Take the material below and output exactly the run of lines from the one containing "a large wooden" down to the one containing "Idées déco pour", with both included.

TASK INPUTS:
- - -
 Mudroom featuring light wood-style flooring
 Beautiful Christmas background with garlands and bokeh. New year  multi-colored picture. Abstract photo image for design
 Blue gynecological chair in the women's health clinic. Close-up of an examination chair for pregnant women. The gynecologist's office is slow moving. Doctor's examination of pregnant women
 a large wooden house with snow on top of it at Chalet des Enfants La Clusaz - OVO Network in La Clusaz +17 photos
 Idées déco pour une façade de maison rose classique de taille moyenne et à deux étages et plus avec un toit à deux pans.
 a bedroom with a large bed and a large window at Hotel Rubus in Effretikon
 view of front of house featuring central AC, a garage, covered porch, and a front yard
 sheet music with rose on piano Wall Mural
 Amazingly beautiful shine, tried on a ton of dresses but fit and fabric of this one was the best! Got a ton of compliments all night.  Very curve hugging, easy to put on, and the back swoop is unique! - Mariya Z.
- - -
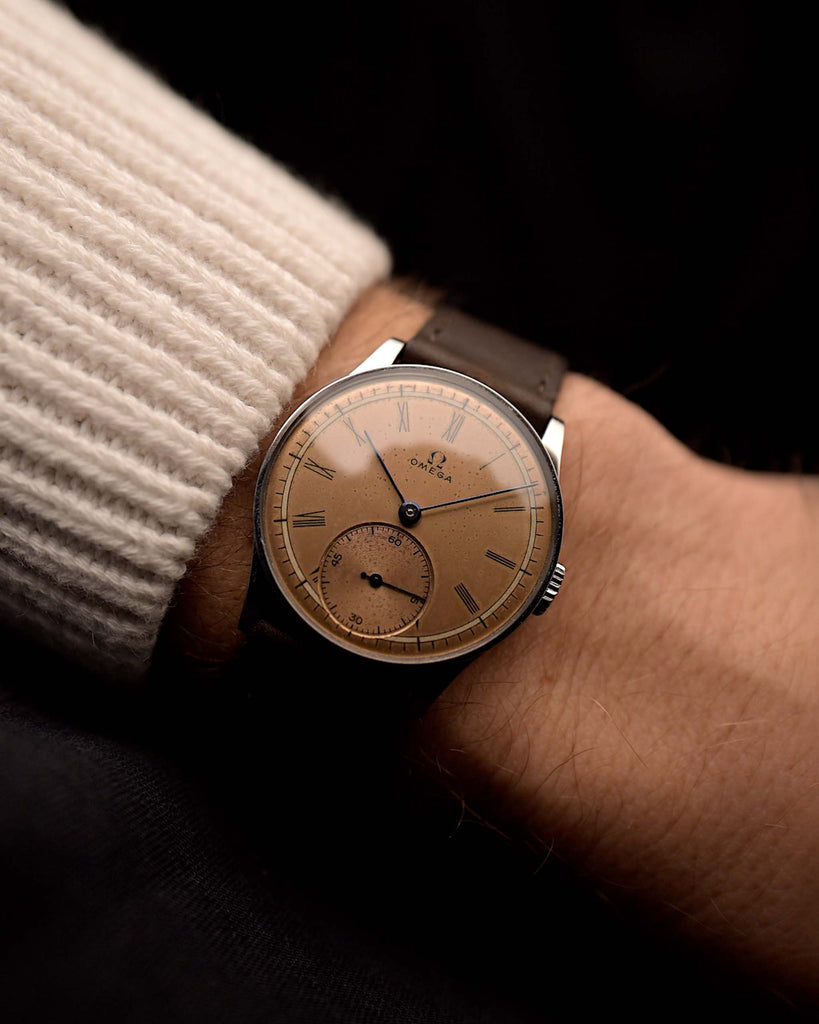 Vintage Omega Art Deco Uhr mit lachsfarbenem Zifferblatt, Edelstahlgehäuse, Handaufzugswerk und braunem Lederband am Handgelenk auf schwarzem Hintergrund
- - -
TASK SOLUTION:
 a large wooden house with snow on top of it at Chalet des Enfants La Clusaz - OVO Network in La Clusaz +17 photos
 Idées déco pour une façade de maison rose classique de taille moyenne et à deux étages et plus avec un toit à deux pans.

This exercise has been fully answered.